A growing number of members of our community are terminal Jews. Even if their children and grandchildren are halachically Jewish, their commitment to Judaism may be waning. One of the main reasons is intermarriage. As individual Jews, we’ve never had it so good, yet the threat to our collective survival is formidable, although – or because – we now live in freedom and relative prosperity.
That’s how I read two articles by Prof. Jack Wertheimer of the Jewish Theological Seminary in the online magazine Mosaic. A subsequently published and much debated report by the Pew Research Center about Jewish life in the United States can be seen as confirmation of his bleak prognosis: the intermarriage rate there between 2000 and 2013 is 58 per cent.
Though we’d like to believe that the situation in Canada is less acute, the trend is the same.
Wertheimer points an accusing finger at American Jewish leaders, among whom “any concerns are swept under the carpet and the talk is of cherishing ‘diversity’ and doing everything to foster ‘inclusiveness.’” He believes the organized community can do much more to help Jews to marry Jews by providing better opportunities for socializing and by making greater efforts to encourage non-Jewish marriage partners to embrace Judaism.

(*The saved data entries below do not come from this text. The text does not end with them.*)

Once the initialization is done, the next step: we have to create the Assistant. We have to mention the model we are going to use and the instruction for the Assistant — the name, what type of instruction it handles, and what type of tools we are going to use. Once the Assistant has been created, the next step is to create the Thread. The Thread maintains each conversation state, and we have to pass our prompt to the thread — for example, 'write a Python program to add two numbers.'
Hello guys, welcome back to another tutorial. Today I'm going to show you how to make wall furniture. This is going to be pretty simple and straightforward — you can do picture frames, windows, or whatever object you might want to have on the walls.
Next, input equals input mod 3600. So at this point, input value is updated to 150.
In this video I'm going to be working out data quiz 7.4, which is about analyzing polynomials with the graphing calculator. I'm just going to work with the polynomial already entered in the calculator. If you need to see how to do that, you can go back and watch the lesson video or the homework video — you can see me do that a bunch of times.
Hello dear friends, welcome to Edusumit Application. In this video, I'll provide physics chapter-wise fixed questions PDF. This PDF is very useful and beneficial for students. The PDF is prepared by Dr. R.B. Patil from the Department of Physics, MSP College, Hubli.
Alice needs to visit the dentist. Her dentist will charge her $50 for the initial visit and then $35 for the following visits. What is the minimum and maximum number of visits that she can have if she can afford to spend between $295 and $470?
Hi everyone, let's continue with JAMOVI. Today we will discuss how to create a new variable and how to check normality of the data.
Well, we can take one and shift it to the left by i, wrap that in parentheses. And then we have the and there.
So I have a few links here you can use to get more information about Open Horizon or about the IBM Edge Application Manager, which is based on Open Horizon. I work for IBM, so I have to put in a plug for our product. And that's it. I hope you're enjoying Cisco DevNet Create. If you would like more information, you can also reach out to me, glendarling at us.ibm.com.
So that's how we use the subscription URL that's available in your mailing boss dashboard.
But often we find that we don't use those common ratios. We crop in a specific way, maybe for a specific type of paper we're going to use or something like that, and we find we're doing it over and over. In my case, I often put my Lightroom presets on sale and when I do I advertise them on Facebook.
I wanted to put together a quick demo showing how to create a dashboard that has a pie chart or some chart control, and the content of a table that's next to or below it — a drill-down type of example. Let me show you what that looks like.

But he’s critical of the practice in liberal communities of trying to accommodate intermarried couples. He implies that in the not-too-distant future, only the Orthodox will survive as Jews in the Diaspora. Though currently in the United States only some 10 per cent describe themselves as Orthodox, their number – particularly among haredim – is likely to remain steady or increase, because their children marry Jews, marry early and have large families.

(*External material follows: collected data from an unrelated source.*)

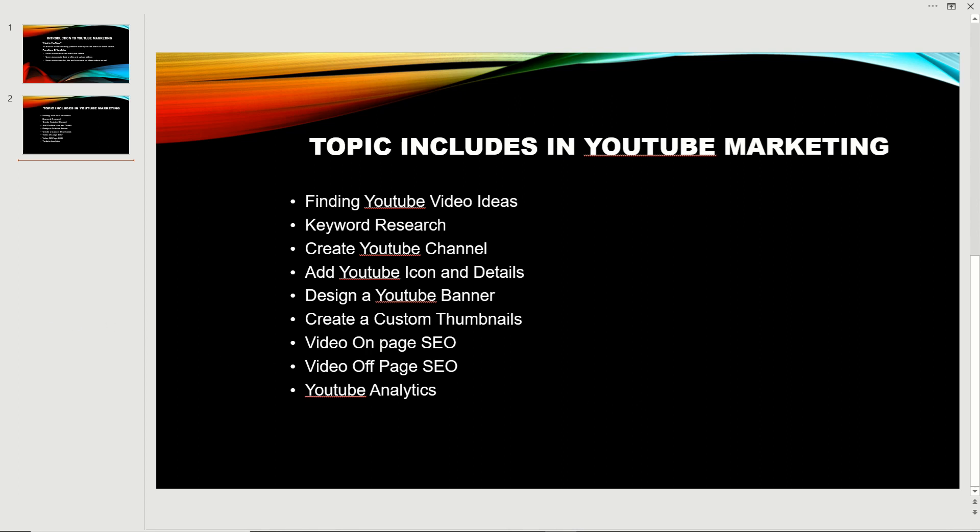The next one is off-page SEO, like social sharing, social bookmarking, and other types of backlinks we're going to build. This will help you rank your video on Google video search, so you will get views from Google as well as any other search engines.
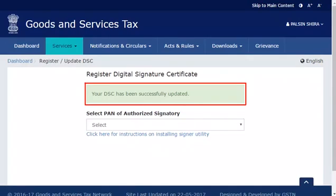Aurora T. Raj can now continue to use his DSC in the GST portal. It's that simple.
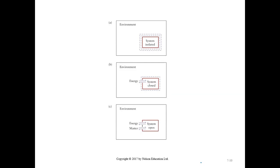In a closed system, energy can go in and out but matter cannot. That is the closed system — you may forget what it means, so remember: closed system means energy can go in and out, matter cannot. The isolated system and open system you now know.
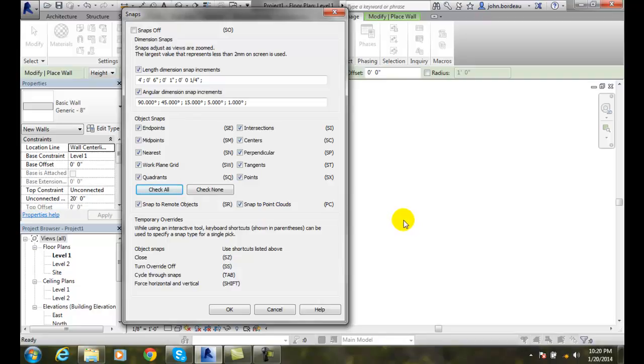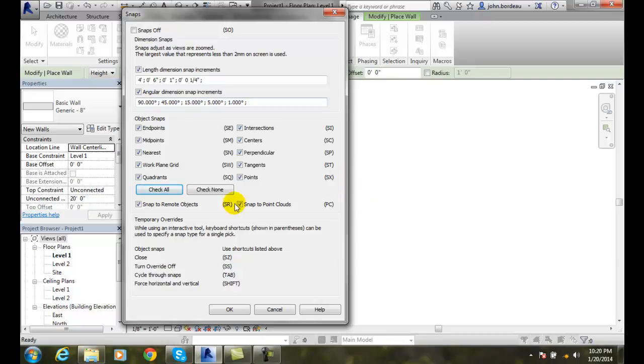We actually do use scanners out in the field to scan, for example, historical and architectural buildings, and we can then snap to those buildings. So we can actually go into a historic building, scan it, and then build a model based on where the scanner picked up the actual walls. So this area is called object snaps settings of our snaps tool.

One of the respondents to Wertheimer’s original essay was Rabbi Eric Yoffie, immediate past president of the Union for Reform Judaism. He’s refreshingly optimistic about the future of the Jewish People, despite the intermarriage rate, because he has faith in the outreach efforts of his movement.

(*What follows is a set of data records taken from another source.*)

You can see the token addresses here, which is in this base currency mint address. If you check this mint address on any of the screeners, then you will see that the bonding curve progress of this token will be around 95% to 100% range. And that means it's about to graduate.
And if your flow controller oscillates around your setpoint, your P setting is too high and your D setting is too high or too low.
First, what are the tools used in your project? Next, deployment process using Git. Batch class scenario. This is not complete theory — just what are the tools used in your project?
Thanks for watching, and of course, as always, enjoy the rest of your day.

Rabbi Yoffie argues that the liberal stance is the best way to integrate non-Jewish spouses, if not by conversion then at least by encouraging them to bring up their children as Jews. Castigating and isolating them is bound to have the opposite effect to become a self-fulfilling prophecy of doom and gloom.
Other respondents presented variants on the same theme in the endearing, yet perhaps naive, American belief that every problem must have a solution. Those who celebrate the freedom and the opportunities that Jews nowadays have in the Diaspora in general and the United States in particular have no desire to return to any form of ghetto, even if it would reduce intermarriage. Some think that such a return, even if it were possible, would greatly inhibit Judaism from flourishing as it does now.
After all, the Pew Research Center report shows that there are, in fact, many more Jews in America today, at least by self-definition, than previously thought. Opportunities for serious Jewish studies at universities and other institutions in the Diaspora, coupled with the rich and varied activities in the major Jewish centers, provide much of the encouraging evidence.
Thus Doug Rushkoff, author of Nothing Sacred: The Truth About Judaism: “As I see it, Judaism is in the midst of one of its greatest-ever renaissances. The quality and depth of Jewish worship and study has never been stronger or more varied than today. Anyone who wants to learn, find a community, or engage in the world Jewishly can do so – and on his or her own terms.”
Perhaps if we were more enthusiastic about the achievements in contemporary Jewish life and less obsessed by its problems, we might find it easier to attract those who at present manifest their marginality by marrying “out.” The best way of responding to the challenge of intermarriage may be to agonize less and celebrate more by way of positive reinforcement.
A story has it that the biblical Abraham, on his way to obey God’s command to sacrifice his son Isaac, is intercepted by Satan, who, in his clever way, tells Abraham that if he kills Isaac, it’ll be the end of the Jewish people. To which Abraham replies: “My task is to do God’s will. Jewish survival is God’s problem.”
The best way to deal with intermarriage may be for us not to preach against it, but do God’s will as best we can – and leave the rest to God.